At each turn the model checked its response against this summary before generating output. Major plot deviations dropped substantially, though the model still occasionally ignored the Story Card when it could generate more interesting content without it.
“The tension between structure and freedom in AI storytelling is not a problem to solve but a parameter to tune.”
Prototype 3: benchmarking seven models
Before building Prototype 3, I ran structured benchmarking across seven models ranging from 600MB to 20GB, including GPT-4-Turbo, llama2, llama3, Phi-2, Mistral, and Gemma. Larger models did not perform better: GPT-4-Turbo was prone to overgeneration, while smaller models like Phi-2 drifted from the narrative frequently. The 7-to-10-billion-parameter range, specifically llama3 8B, produced the most consistent Story Card adherence with reasonable response times. I also lowered the model temperature from 0.6 to 0.2 after observing that higher settings consistently weakened adherence.
The terminal was replaced with a Pygame GUI designed to feel like a typewriter. I presented Prototype 3 at OCAD's notQuiteThere(yet) exhibition in October 2024. Engagement increased substantially, but the interface still felt like a prototype wrapper, not a platform.
Prototype 4: web stack, two play modes, and a cabinet
For the final prototype I rebuilt the architecture entirely: FastAPI backend, Vite and React frontend, both new to me going into this project. Two insights from watching players drove the interface redesign. First, long horizontal text streams were hard to read, so I moved to a two-column layout with narrative on the left and controls on the right. Second, free text input created confusion when the model was already offering numbered choices, so I replaced the text box with numbered buttons.
The redesign also introduced Story Mode (temperature 0.2, closely aligned with the Story Card) and Forge Mode (temperature 0.8, significantly more latitude for unexpected branching), making temperature an explicit, player-controlled design variable.
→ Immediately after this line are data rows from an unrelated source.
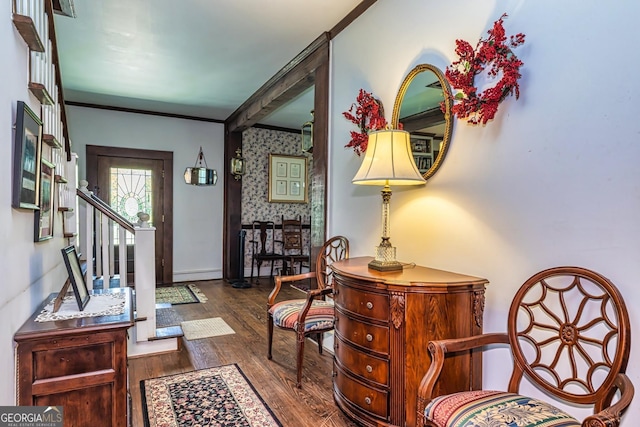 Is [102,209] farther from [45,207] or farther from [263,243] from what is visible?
[263,243]

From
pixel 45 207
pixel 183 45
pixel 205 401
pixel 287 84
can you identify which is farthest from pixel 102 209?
pixel 287 84

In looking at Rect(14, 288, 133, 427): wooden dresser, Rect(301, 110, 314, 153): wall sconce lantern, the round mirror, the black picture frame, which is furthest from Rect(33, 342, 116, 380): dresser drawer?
Rect(301, 110, 314, 153): wall sconce lantern

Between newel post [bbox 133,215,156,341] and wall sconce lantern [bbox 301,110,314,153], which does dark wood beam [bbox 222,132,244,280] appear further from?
newel post [bbox 133,215,156,341]

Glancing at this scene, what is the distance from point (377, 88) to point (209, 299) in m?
3.54

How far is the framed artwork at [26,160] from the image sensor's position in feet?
4.66

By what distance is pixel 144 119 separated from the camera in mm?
5672

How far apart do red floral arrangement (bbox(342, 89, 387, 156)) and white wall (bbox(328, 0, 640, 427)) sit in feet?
0.63

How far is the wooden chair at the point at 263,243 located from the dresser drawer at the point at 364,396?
407 centimetres

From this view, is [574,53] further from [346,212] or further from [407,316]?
[346,212]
At the DFX exhibition, Forge Mode became the dominant choice, and players gathered to watch sessions unfold.


The final build
A locally hosted React and FastAPI web application with a custom Ollama backend running llama3 8B. A Story Card system providing a persistent YAML narrative reference at every model turn. Two play modes giving the player direct control over the structure-to-freedom ratio. A two-column interface with scrollable narrative text on the left and numbered button input on the right, housed inside a custom CNC-machined arcade cabinet built from half-inch MDF with painted panels and vinyl decals, enclosing a 27-inch monitor with the backend running inside the enclosure.


Reflection
The most important design decision in this project was not a UI choice: it was the invention of the Story Card. Every other improvement, from temperature tuning to model selection to the mode system, was built on top of that one structural idea: give the model a persistent reference it checks at every turn, and narrative coherence becomes manageable.
Story Mode and Forge Mode did not resolve the tension between structure and freedom. They made it explicit and gave the player control over where on that spectrum they wanted to be. What I would push next: multi-book support with a Story Card authoring interface, cloud model options for faster response times, and a multiplayer mode where two players navigate branching decisions together.